ScalarFunction trait introduction

All scalar functions implement Function trait, and we register them into a global static FunctionFactory, the factory is just an index map and the key is the name of the scalar function.

tip
Function name in Databend is case-insensitive.

pub trait Function: fmt::Display + Sync + Send + DynClone {
/// Returns the name of the function, should be unique.
fn name(&self) -> &str;

// Returns the number of arguments the function accepts.
fn num_arguments(&self) -> usize {
0
}

/// (1, 2) means we only accept [1, 2] arguments
/// None means it's not variadic function
fn variadic_arguments(&self) -> Option<(usize, usize)> {
None
}

/// Calculate the monotonicity from arguments' monotonicity information.
/// The input should be argument's monotonicity. For binary function it should be an
/// array of left expression's monotonicity and right expression's monotonicity.
/// For unary function, the input should be an array of the only argument's monotonicity.
/// The returned monotonicity should have 'left' and 'right' fields None -- the boundary
/// calculation relies on the function.eval method.
fn get_monotonicity(&self, _args: &[Monotonicity]) -> Result<Monotonicity> {
Ok(Monotonicity::default())
}

/// The method returns the return_type of this function.
fn return_type(&self, args: &[DataTypeAndNullable]) -> Result<DataTypeAndNullable>;

/// Evaluate the function, e.g. run/execute the function.
fn eval(&self, _columns: &DataColumnsWithField, _input_rows: usize) -> Result<DataColumn>;

/// Whether the function passes through null input.
/// Return true is the function just return null with any given null input.
/// Return false if the function may return non-null with null input.
///
/// For example, arithmetic plus('+') will output null for any null input, like '12 + null = null'.
/// It has no idea of how to handle null, but just pass through.
///
/// While ISNULL function treats null input as a valid one. For example ISNULL(NULL, 'test') will return 'test'.
fn passthrough_null(&self) -> bool {
true
}
}

Understand the functions

  • The function name indicates the name of this function, such as log, sign. Sometimes we should store the name inside the function, because different names may share the same function, such as pow and power, we can take power as the alias(synonyms) function of pow.
  • The function num_arguments indicates how many arguments can this function accept.
  • Some functions may accept variadic arguments, that's the variadic_arguments function works. For example, round function accepts one or two functions, its range is [1,2], we use closed interval here.
  • The function get_monotonicity indicates the monotonicity of this function, it can be used to optimize the execution.
  • The function return_type indicates the return type of this function, we can also validate the args in this function.
  • The function nullable indicates whether this function can return a column with a nullable field. The default behavior is checking if any nullable input column exists, return true if it does exist, otherwise false.
  • eval is the main function to execute the ScalarFunction, columns is the input columns, input_rows is the number of input rows, we will explain how to write eval function false.
  • passthrough_null indicates whether the function return null if one of the input is null. For most function it should be true (which is the default behavior). But some exceptions do exist, like ISNULL, CONCAT_WS etc.

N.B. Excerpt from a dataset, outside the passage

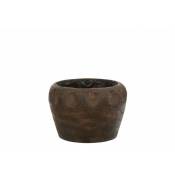 Cache pot en bois de paulownia marron 35x35x23 cm -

Knowledge before writing the eval function

Logical datatypes and physical datatypes.

Logical datatypes are the datatypes that we use in Databend, and physical datatypes are the datatypes that we use in the execution/compute engine. Such as Date32, it's a logical data type, but its physical is Int32, so its column is represented by DFInt32Array.

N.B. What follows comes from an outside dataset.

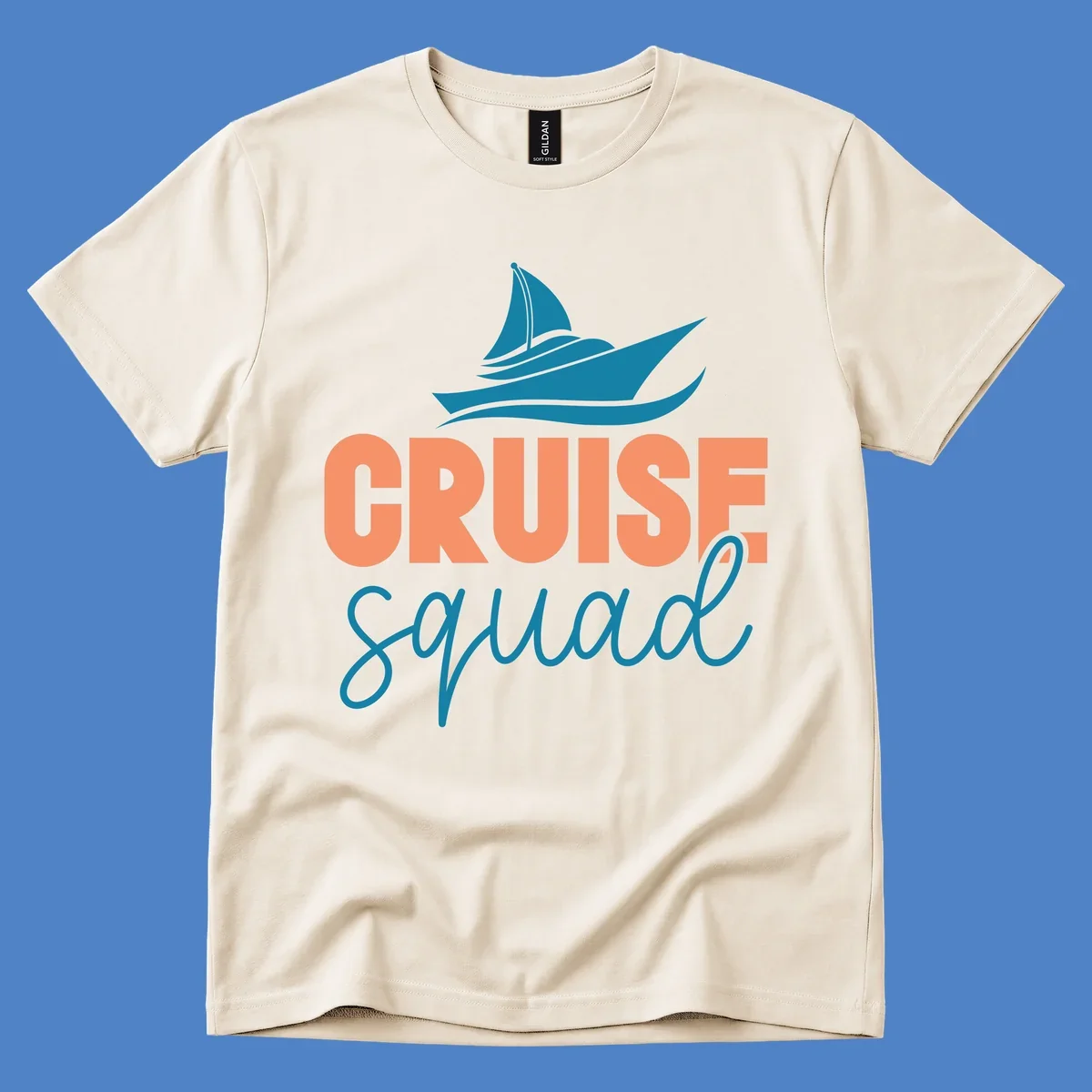 Teal sailboat illustration above coral text reading 'CRUISE Squad' on gray background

We can get logical datatype by data_type function of DataField , and the physical datatype by data_type function in DataColumn. DataColumnsWithField has data_type function which returns the logical datatype.

Arrow's memory layout

Databend's memory layout is based on the Arrow system, you can find Arrow's memory layout [here] (https://arrow.apache.org/docs/format/Columnar.html#format-columnar).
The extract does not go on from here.